Jornalistas que seguem a campanha eleitoral e assessores partidários relataram ao Estado que Santana não participava de atividades públicas ao lado do candidato. Também não dava entrevistas e passava parte do tempo em Punta Cana, a região de areias brancas, águas cristalinas, coqueiros e gigantescos resorts que se transformou no cartão postal do Caribe dominicano.

Foi de lá que Santana e a mulher embarcaram em um voo para o Brasil na noite de segunda-feira.

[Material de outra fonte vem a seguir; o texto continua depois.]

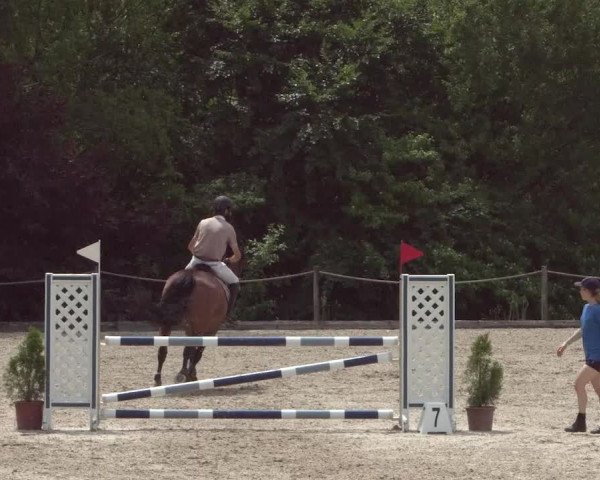 Reitturnier Meilen 2021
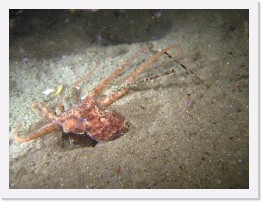 IMG_0971 * Baby Octopus feeding on krill * 3264 x 2448 * (2.16MB)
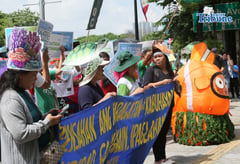 Fisherfolk rally at the DA
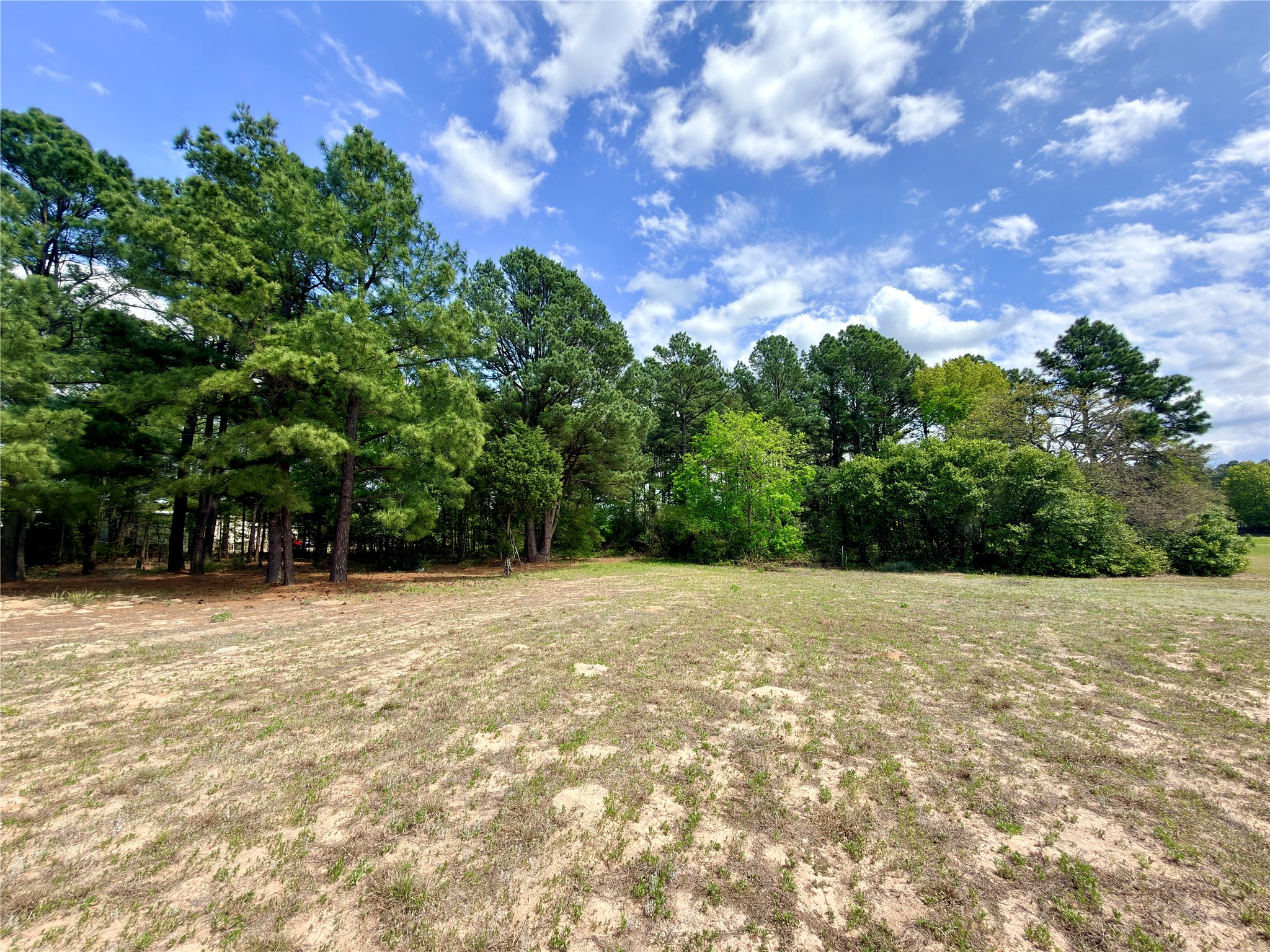 0 Palomino Court Athens TX 75752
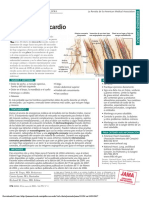PDF Pato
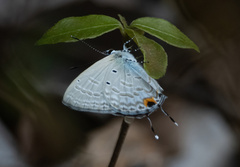 Catochrysops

“Sua situação era muito opaca. Ninguém sabe quanto ganhava nem quem o pagava ou a que entidade estava vinculado”, disse Roberto Fulcar, coordenador-geral da campanha do opositor Luis Abinader, do Partido Revolucionário Moderno (PRM). Em meados do ano passado, a legenda pediu que a Procuradoria-Geral da República dominicana investigasse o vínculo de Santana com Medina, que tenta a reeleição. A solicitação foi reiterada ontem.

 

Campanha. O próprio diretor de Comunicação da campanha do presidente, Héctor Olivo, afirmou que a relação entre Medina e Santana era tratada com “muita discrição”. Segundo ele, o brasileiro cuidava da área de marketing da campanha, mas com enfoque questões “conceituais”. O trabalho prático de realização de peças publicitárias ficava a cargo de agências locais.

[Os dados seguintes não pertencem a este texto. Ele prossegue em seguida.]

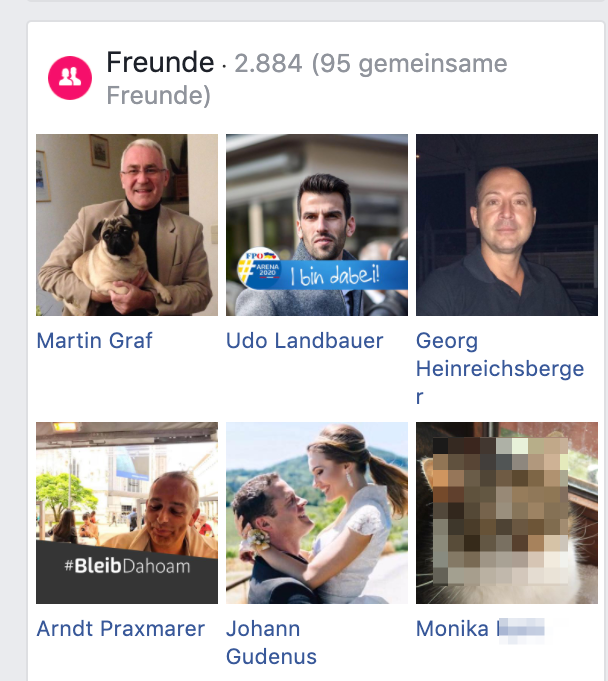Die FB-Freunde des Andreas P.: (u.a.) Martin Graf, Udo Landbauer, Georg Heinreichsberger, Arndt Praxmarer, Johann Gudenus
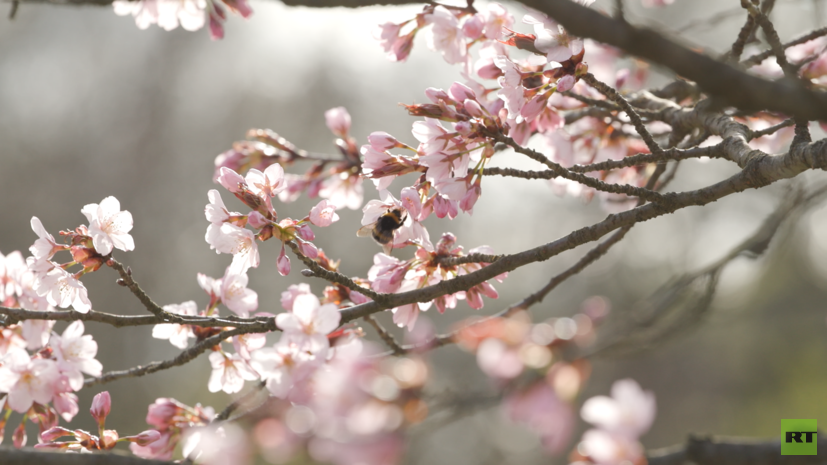 &laquo;Сакура &mdash; это символ красоты&raquo;: как в Москве появились Японский сад и практика ханами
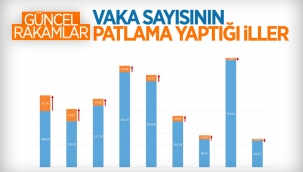 İllere göre haftalık vaka haritası paylaşıldı 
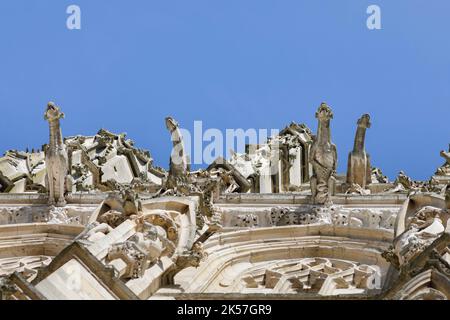 Francia, Seine-Maritime, Rouen, Cattedrale di Notre-Dame, dettagli delle gargoyles che adornano la torre sud, chiamato Torre del burro Foto Stock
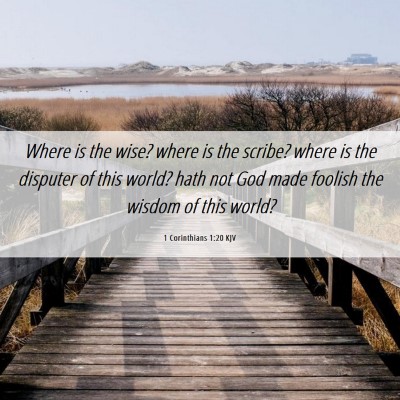 Picture 06 - 1 Corinthians 1:20 KJV - Where is the wise? where is the scribe? where is - Bible Verse Picture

A discrição era tanta que Olivo teve dificuldades em dar detalhes sobre a atuação do brasileiro e seu contato com o presidente. O diretor também disse desconhecer quanto Santana cobrou por seu trabalho.

Uma das principais jornalistas da República Dominicana, Nuria Piera disse que o brasileiro não tinha uma vida pública ativa no país e que apenas um número reduzido de pessoas o conheciam pessoalmente. “É um personagem que atuava com muita discrição”, observou.

Juan Eduardo Thomas, repórter político do Listin Diário, ressaltou que não há nenhuma foto pública do presidente com Santana, apesar de o brasileiro ter sido a primeira pessoa a quem Medina agradeceu quando ganhou a presidência, em 2012. Desde então, o publicitário mantém um pé na República Dominicana.

 

Oposição. A oposição tenta usar o caso da prisão de Santana para reduzir o favoritismo do presidente nas eleições do dia 15 de maio. O caso foi divulgado extensamente em rádios, TVs e jornais do país e dominou a conversação nas redes sociais a partir de segunda-feira. Medina lidera as pesquisas de opinião, seguido de Abinader.

Segundo Thomas, Santana não estava presente em eventos recentes da campanha eleitoral. Olivo, do partido de Medina, atribuiu a discrição de Santana em parte ao fato de que o lançamento oficial da candidatura à reeleição só ocorreu no dia 31 de janeiro. Mas a presença do brasileiro no país gerava desconforto desde o ano passado, o que se refletiu no pedido de investigação apresentado pela oposição.